A la Cinémathèque, dans le cadre de la rétrospective consacrée au réalisateur (jusqu’en mai)

Quand ?

Dimanche il y a deux semaines, à 21h30

Avec qui ?

MaBinôme

Et alors ?

Mars attacks ! a un statut à double tranchant dans la filmographie de Tim Burton : à la fois son meilleur film (ou au moins l’un de ses tout meilleurs) et à ce jour son dernier qui soit réellement mémorable, et digne de la renommée qui est la sienne. Mars attacks ! parachevait une décennie de longs-métrages audacieux, inspirés et mordants – Beetlejuice, Edward aux mains d’argent, les deux Batman, L’étrange Noël de Mr. Jack, Ed Wood. Les quinze années qui ont suivi et nous amènent à aujourd’hui sont au contraire une traversée du désert qui n’en finit pas, où Burton, l’inspiration en berne, court après son ombre (Sleepy hollow, Sweeney Todd) quand il ne se soumet pas aux désirs atrophiés et lisses que d’autres projettent sur son art personnel (Big fish, les adaptations « naturelles » de Charlie et la chocolaterie, Alice au pays des merveilles). Mars attacks ! est à la fois un zénith et un requiem.

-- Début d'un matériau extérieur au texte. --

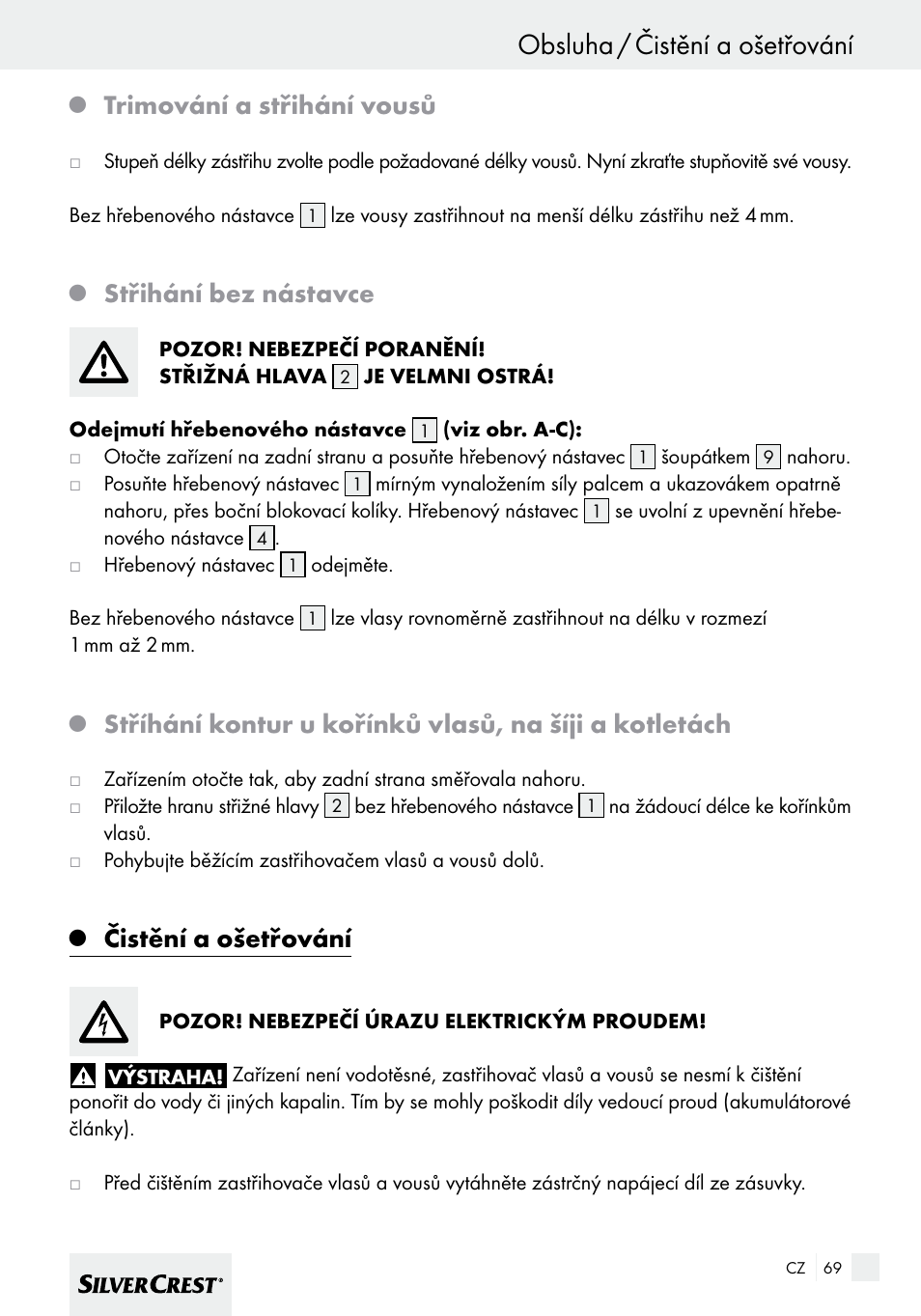 Obsluha / čistění a ošetřování, Trimování a střihání vousů, Střihání bez nástavce | Čistění a ošetřování | Silvercrest SHBS 600 A1 User Manual | Page 69 / 101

Comme l’est Jackie Brown (que j’ai récemment chroniqué) pour Quentin Tarantino, Mars attacks ! est aussi pour son cinéaste le film de la mise en retrait la plus marquée en surface. Pas d’inspiration gothique, pas de destin individuel d’un marginal égaré dans son monde intérieur, rejeté par la masse bienpensante et soutenu par Burton ; et pas de création d’un univers visuel globalement singulier, explicitement chimérique. Mars attacks ! est une œuvre de science-fiction semi-réaliste, reposant sur l’irruption dans un monde conforme au nôtre d’un élément exogène avec lequel il faut composer. Ici l’intrus débarque en nombre, c’est une nuée de martiens verdâtres à grosse tête et qui ne viennent pas pour coopérer mais pour tout ravager. Leur allure caricaturale, leurs soucoupes volantes à la forme élémentaire et leurs intentions expressément malfaisantes leur viennent de leur genèse, sous la forme de personnages de cartes à collectionner vendues dans les années 1960. C’était l’époque où la panique anti-rouges (communistes) était à son comble, et que la S-F la travestissait en une panique anti-planète rouge (Mars). Burton garde tous ces signes distinctifs du passé des martiens mais choisit de confronter ces derniers à des humains vivant dans le présent de 1996, avec son mythe du monde libre et uni sous l’hégémonie américaine. Ainsi Mars attacks ! ne se définit pas par rapport à un référent extérieur, qu’il s’agisse d’une époque ou d’un genre. Il écrit sa propre histoire, qui n’est parodique ou référentielle qu’à la marge ; qui est celle d’un film catastrophe au premier degré pensé par un cerveau décalé.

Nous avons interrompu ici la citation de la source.